Text classification is a natural language processing task that automatically assigns predefined categories or labels to text documents based on their content, enabling large-scale automated organization and routing of textual information.
Text Classification Explained
Text classification is one of the most widely deployed NLP tasks in industry. The goal is simple: given a piece of text, assign it to one or more predefined categories. The practical applications are endless - routing customer support emails to the right team, detecting harmful content on social platforms, categorizing news articles by topic, or filtering job applications by qualification level.
Text classification is a specific form of classification applied to text data. Building a text classifier requires labeled training examples - documents already tagged with the correct categories. The model learns to associate language patterns with categories and can then classify new documents automatically. Modern approaches use pre-trained language models fine-tuned for classification, which require far fewer labeled examples than training from scratch.
The range of text classification tasks is broad. Topic classification assigns articles to subject categories. Intent detection identifies the goal behind a user's message (book a flight, check account balance, talk to an agent). Sentiment analysis is a specialized form of text classification. Toxicity detection flags harmful or offensive content. Document routing sends business documents to the appropriate department or workflow based on their content.

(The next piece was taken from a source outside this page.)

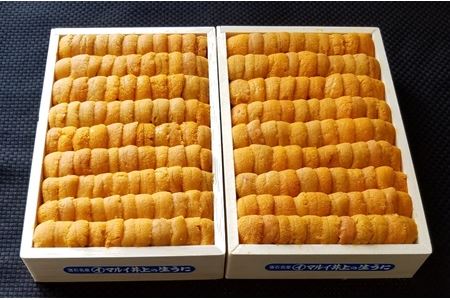 エゾバフンウニ弁当並べ詰め150g×2折[11月中旬以降順次発送]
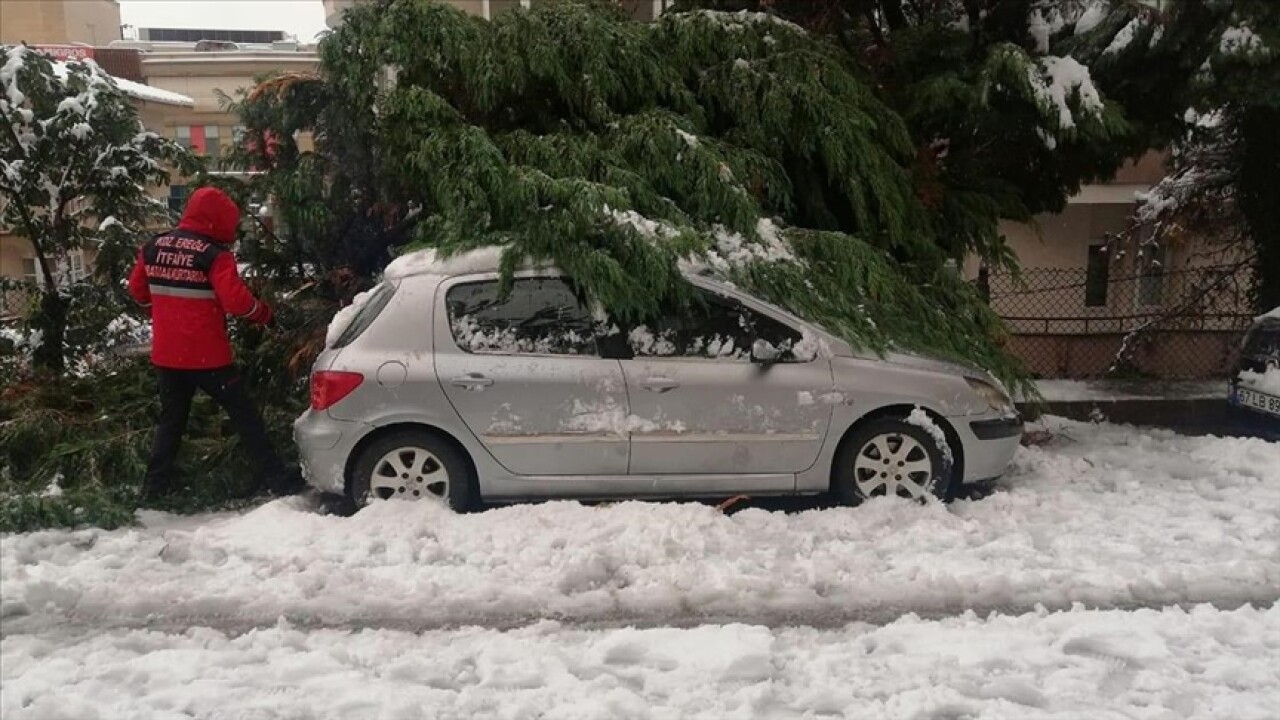 Zonguldak'ta yoğun kar yağışından devrilen ağaçlar 20 otomobile zarar verdi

Evaluation of text classifiers requires careful attention to class balance. When one category appears much more frequently than others - as in fraud detection or rare disease identification - standard accuracy is misleading. Metrics like precision, recall, and F1 score broken down by class, along with confusion matrices, provide a much clearer picture of where a classifier succeeds and fails.
For organizations handling large volumes of text, automated text classification is a massive efficiency multiplier. A company receiving thousands of customer support tickets daily can use text classification to instantly route each ticket to the right team, prioritize urgent issues, and flag tickets that match known problem patterns for faster resolution - tasks that would otherwise require extensive manual triage.
Key Takeaways
Where is Text Classification Used?
Email spam filtering, customer support routing, content moderation, news categorization, intent detection in chatbots, and document organization.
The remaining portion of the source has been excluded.